The anthropologist Morton Nielsen stated that the moth joke, like "many other iconic Macdonald bits", is funny "in an almost anti-comedic sense" in that it is a "hyper-exaggerated version of [an] outdated joke format" through which Macdonald seeks to "liberate the comedic force from its relation to the comic by pushing the joke towards its own collapse", notwithstanding his "voice and point of view". He contrasted Macdonald's style with those of alt-comics, whose jokes rely upon "expressing their innermost emotional weaknesses and flaws from the stage".

Macdonald rejected calling the moth joke a shaggy-dog story or anti-comedy, stating: "It was a very funny joke and that is why the audience laughed hard and long.
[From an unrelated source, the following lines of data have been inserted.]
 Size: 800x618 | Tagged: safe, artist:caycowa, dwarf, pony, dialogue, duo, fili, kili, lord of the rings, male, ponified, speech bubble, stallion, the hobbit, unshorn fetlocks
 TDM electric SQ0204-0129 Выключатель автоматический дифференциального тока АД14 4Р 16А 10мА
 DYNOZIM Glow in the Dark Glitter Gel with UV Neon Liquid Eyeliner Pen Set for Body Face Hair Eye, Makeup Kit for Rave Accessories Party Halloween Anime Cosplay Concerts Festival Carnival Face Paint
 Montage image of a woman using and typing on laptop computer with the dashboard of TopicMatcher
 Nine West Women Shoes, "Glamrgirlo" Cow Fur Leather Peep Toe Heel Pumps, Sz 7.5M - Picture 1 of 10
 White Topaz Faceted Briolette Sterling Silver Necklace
They did not laugh because it was a comment on bad jokes and how we all know they are bad. They laughed because it was a very good joke."
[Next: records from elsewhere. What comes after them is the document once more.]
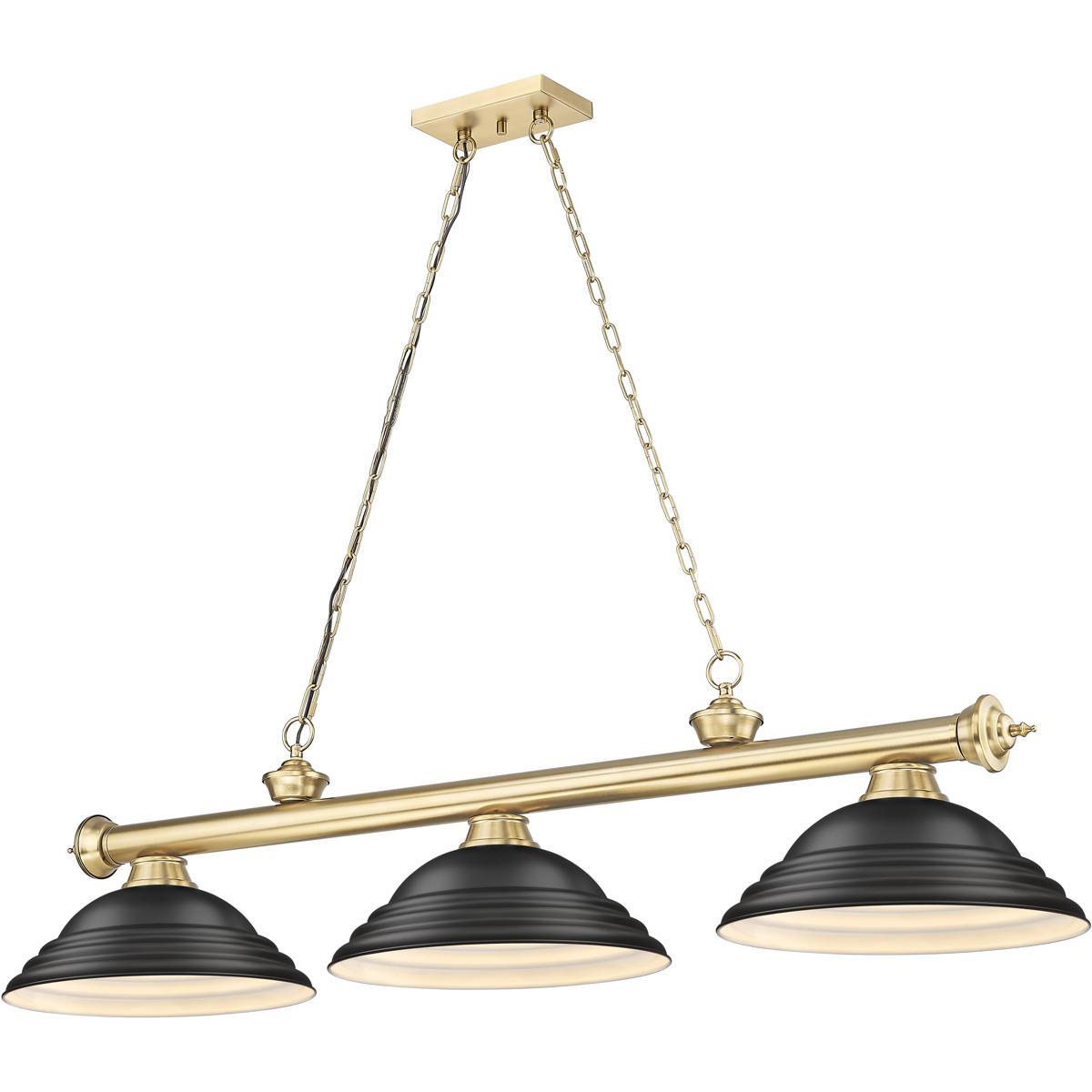 Z-Lite 2306-3HBR-SMB Cordon 3 Light 58 inch Heritage Brass Billiard Ceiling Light in Rubbed Brass
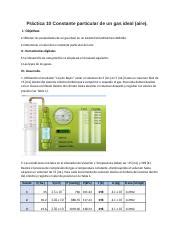 Práctica 10 Constante particular de un gas ideal docx Práctica 10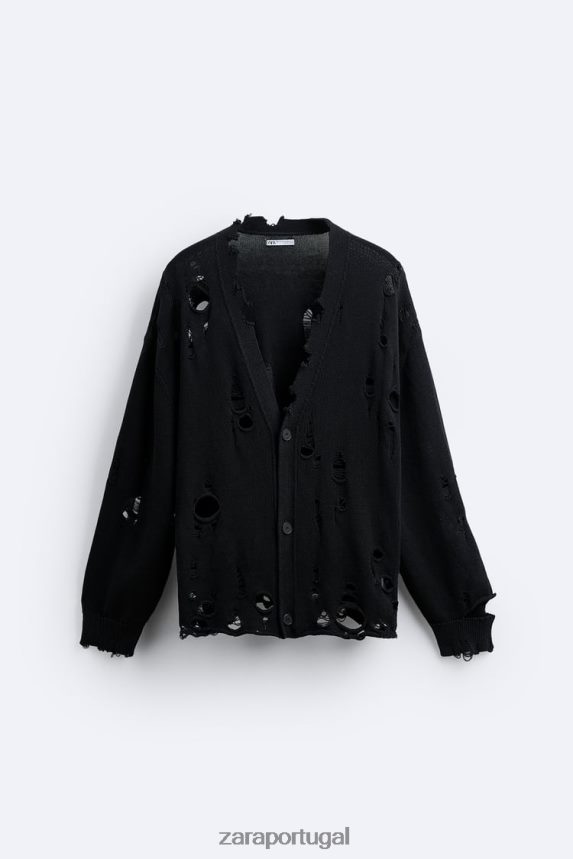 cardigan estruturado rasgado homens Zara preto Z2080L1030 roupas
== Reception and influence ==
The anthropologist Morten Nielsen, who conducted field research in the New York City stand-up comedy scene, said that some comedians memorized and performed the joke for their own pleasure, while others discussed and analyzed Macdonald's intonation and pacing. Writing for The New York Times, Jason Zinoman called it "one of the great examples of the long form" joke setup, and Kevin Jiang in the Toronto Star said that it was "arguably [Macdonald's] greatest bit".